* _Requirement_
Before copying, set aside the pictures; then restate exactly the lines from the one with "Volvo V90 T8" through the last line of the records.

Stored items from a collection:
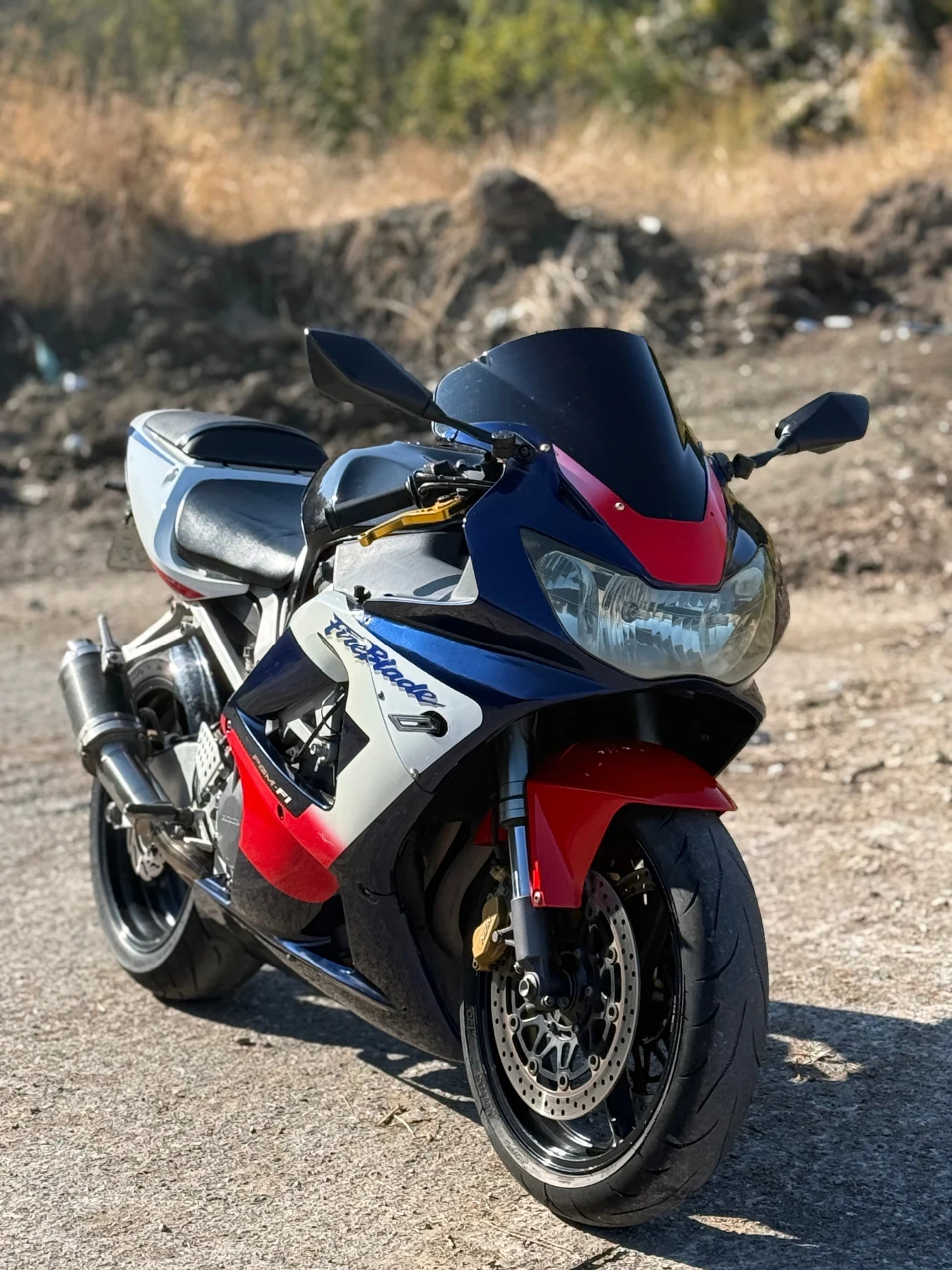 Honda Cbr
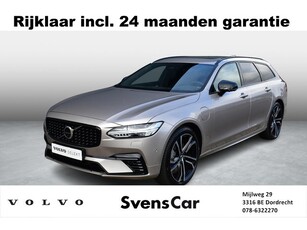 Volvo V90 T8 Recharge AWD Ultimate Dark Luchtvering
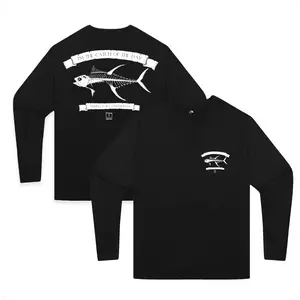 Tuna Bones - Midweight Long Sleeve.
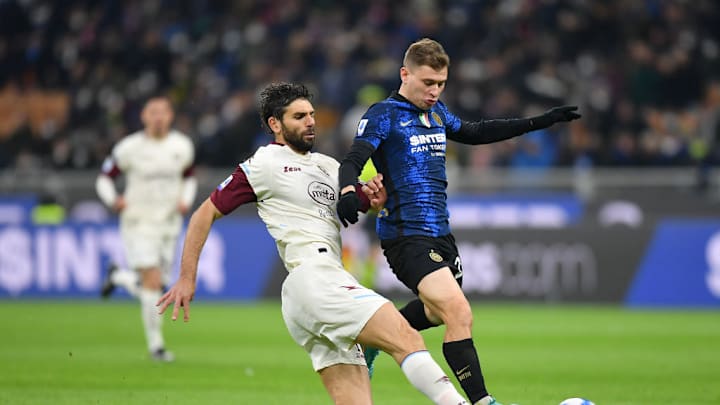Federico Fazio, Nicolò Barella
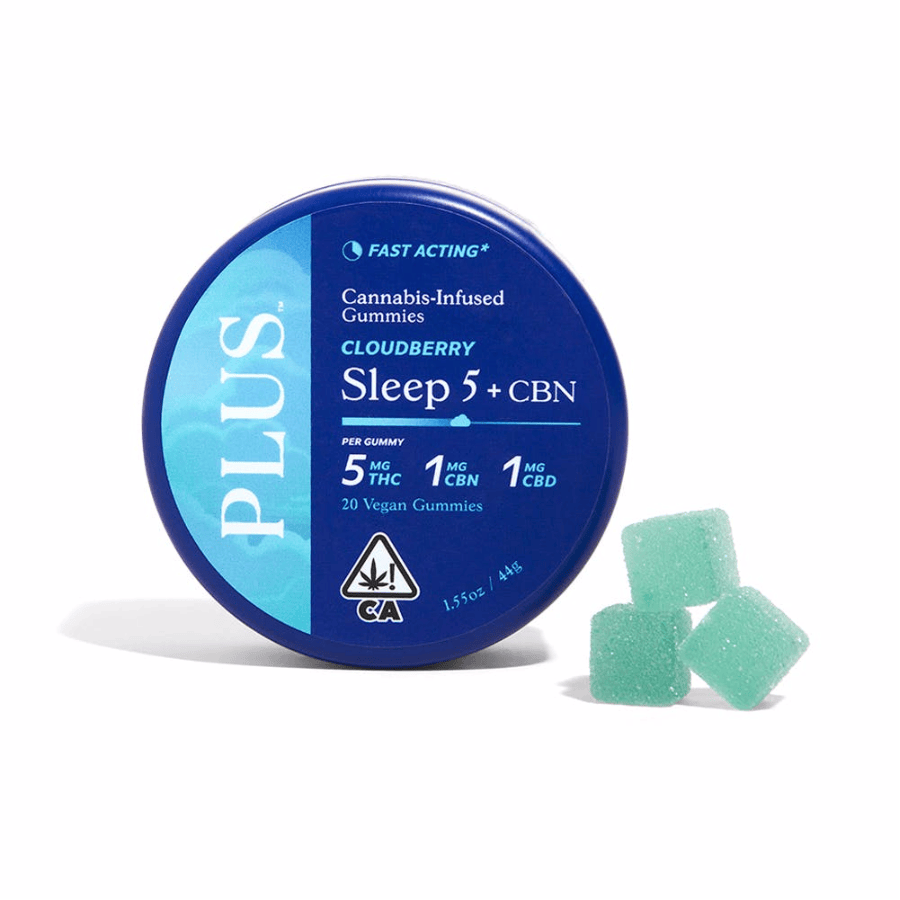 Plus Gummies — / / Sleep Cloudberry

* _Completed exercise_
 Volvo V90 T8 Recharge AWD Ultimate Dark Luchtvering
 Tuna Bones - Midweight Long Sleeve.
Federico Fazio, Nicolò Barella
 Plus Gummies — / / Sleep Cloudberry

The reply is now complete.